The Board of Regents voted Friday to go ahead with a budget request that is $61.5 million above what they were left with to run eight institutions after cuts this past year.
The trouble is, said Greg Stauffer, the state's associate commissioner for finance and facilities, as the economy sours, it's not only the state appropriations that go into a tailspin, but financial aid options for students, overall family and individual incomes and federal research dollars and private donations, leaving higher education institutions running on the bare minimum.
"The economic environment clearly has a significant impact on the situation we're in," Stauffer said. "But then again, higher education clearly is the way out of a negative economy."
Higher education can provide a great dividend in the long term, both to the state and to individuals who make it through graduation. Utah's support for its schools already is below the national average.
"Our institutions are complex financial organizations," said Paul Morris, assistant commissioner of budget and planning. He likened colleges and universities to miniature communities, responsible to provide education, but also housing, stores carrying supplies, activities for the community to participate in and food. "To pull all this off, we count on a lot of revenue sources," he said.
The biggest revenue source for Utah schools is the state, in the form of sales and income tax allocated from the Education Fund. But schools also rely on tuition and fees from students.
It all adds up to more than a billion dollars.
With more than 13,000 employees relying on that revenue to pay their own bills, "it takes a lot of support to run an institution," Morris said.
The ongoing cuts, which officials are estimating will continue at 17 percent, are a "hard reality" to face, Morris said. Increased enrollments set up the system for a perfect storm, one that if not handled correctly, could mean decreased efficiencies at Utah institutions.
"We hope at some point we get some funding to help with it all," Morris said.
Included in the operating budget request summary is what Commissioner of Higher Education William Sederburg is calling "mission-based funding," or "an incentive for institutions to fulfill their missions with quality," he said. The $30 million request is a new take on what some other states are doing to be accountable for what they say they intend to do.

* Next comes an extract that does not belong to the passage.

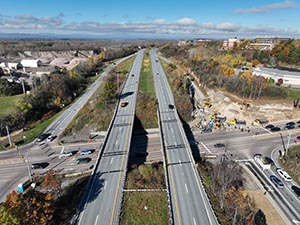 Aerial view of construction progress in October 2025. Blasting activities and ledge removal along U.S. 2/7 and the I-89 northbound on-ramp. 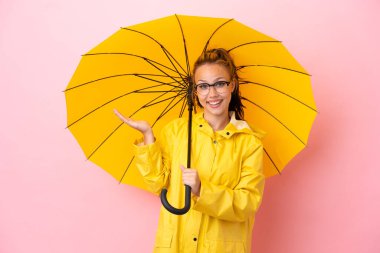 Yağmura dayanıklı paltosu ve şemsiyesi olan genç Rus kız pembe arka planda, şok olmuş yüz ifadesi ile izole edilmiş.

For some schools, it would mean turning out research, others degrees, and for others, further development of programming.
The details, Sederburg said, must still be worked out, but he asked regents for a "conceptual blessing," with a hope that a full agreement could be worked out in a couple of years.
Other items in the budget increase include mandatory utility rate increases, full funding for various scholarship and scholars programs offered by the Utah System of Higher Education, as well as money for the Engineering Initiative and various institutional priorities.
Regents also approved a list of their top-11 capital development priorities, which if accomplished, would cost $320 million. Rarely are all the building requests approved by the Legislature, but this year's projects, all highly prioritized by individual institution presidents, would generate nearly a million new square feet of building space, in the form of classrooms, labs, new infrastructure and remodeled student commons areas.